KGB: One passage that really stood out is the part about the girl who paints a lobster with eyelashes. Tell us more about that.
NF: When I was 16 I went to a school like this and we had a Chinese artist come visit. He was going to teach us to paint with ink. He didn't speak English, so our classes were silent. He taught us first to paint rocks, then if you mastered rocks you had to paint bamboo and finally you got to paint a lobster. I think I remembered him when I wrote this book because he was the first person who said to us in any kind of art class, "that's wrong." Even though he didn't say it with language, he would tear off our sheet and make us do it over again. Before this, we had been taught to express ourselves and to be creative. His approach was really appealing to me, that you could learn; that there was a place to start.
KGB: How many false starts do you typically make when you are writing?
NF: Most sentences, I would say. I'm definitely someone who writes a lot of pages and throws a lot away.

KGB: Are the stories you read tonight, "The Wisdom of the Doulas" and "Expressive" part of a collection you're working on?
SL: I'm working on stories but I'm also working on something longer and right now I'm trying to figure out which needs to be thrown away first.
KGB: Take a phrase like "thick burgundy nipples" from the Doula story. Where does that come from?
SL: I don't want to look too closely. I'm just happy when it comes. A lot of it is liking the sounds of words in combination. I'm always looking for a way to pull what I've just done into the new sentence, into the new moment.

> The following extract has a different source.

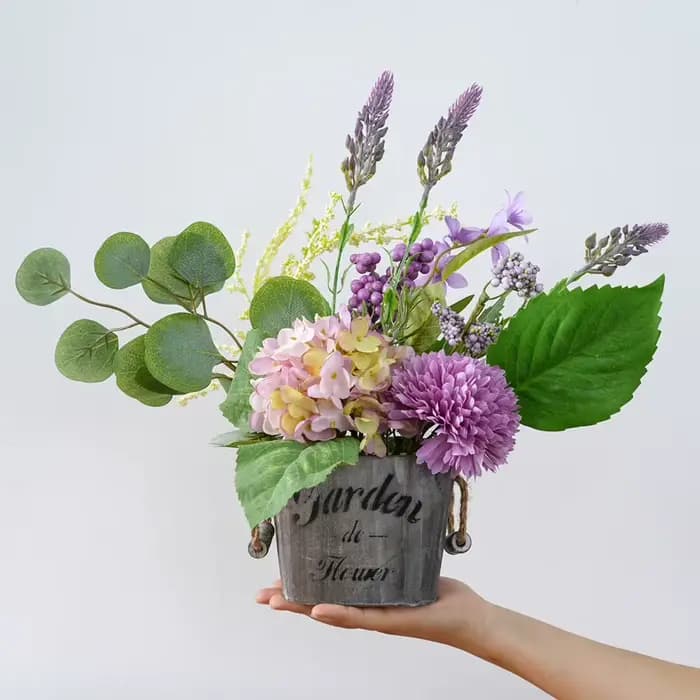 Plantes en pot vertes artificielles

KGB: You're talking a lot about language. Is that how you start, is that what gets you going?
SL: I think that's what gets me going but then of course meaning gets generated. We want to know the narrator's stand on a word, what it means for him to utter it, because it's kind of about the utterances of the narrator, especially if you're writing in the first person.
KGB: What about feeling?
SL: Well, I think feeling gets generated that way, too, but often if you follow the sentences, if you let the language play, you get to stuff, you get to certain kinds of feeling and certain kinds of meaning that you might not have gotten to just sitting and trying to think of it all beforehand.
KGB: After you've written something do you go through it and take a lot out?
SL: Oh sure, there's a lot of revision. I've always felt that I don't really like writing that much but I do like revising. That first draft is usually a gruesome experience, but it gives me something to play with.
KGB: How do you know when you're done?
SL: As the philosopher Charon said, "You're never done, you just turn away in disgust."
Interview with Jordi Punti
KGB: Tell us about the genesis of the idea of the four brothers in your book Lost Baggage.
JP: I had two ideas in mind. One was the story of a man who has different children in different parts of the world but decides to name them with the same name, but I didn't know why. I had to write the novel to find that out. The second thing I was playing with was how Europe was in the sixties -- all the flower power, swinging London, hippie things, in opposition to Spanish society under the Franco dictatorship. Then, Barcelona was a sad place, there was nothing. A few people could go to Paris; occasionally they would bring back forbidden books.
KGB: How important to you was the rhythm of your native Catalan language as you wrote this?
JP: It's very basic, the rhythm. I never finish a sentence without reading it out loud, and I realize there's a good rhythm in it, almost metered, like a poem. I think the sentences in a paragraph should have this rhythm in them. The good thing is that you don't notice it too much, but it has to be there. I think this is well preserved in the translation by Cheryl Morgan.
KGB: There is something very strange about the father of the four brothers - he shows no emotion.
JP: Exactly. He's a cold person. I wouldn't say he has no emotion, but the children only met him about a dozen times so they couldn't catch what the father really is. Through the voices of the brothers, what I want to give is a portrait of the father.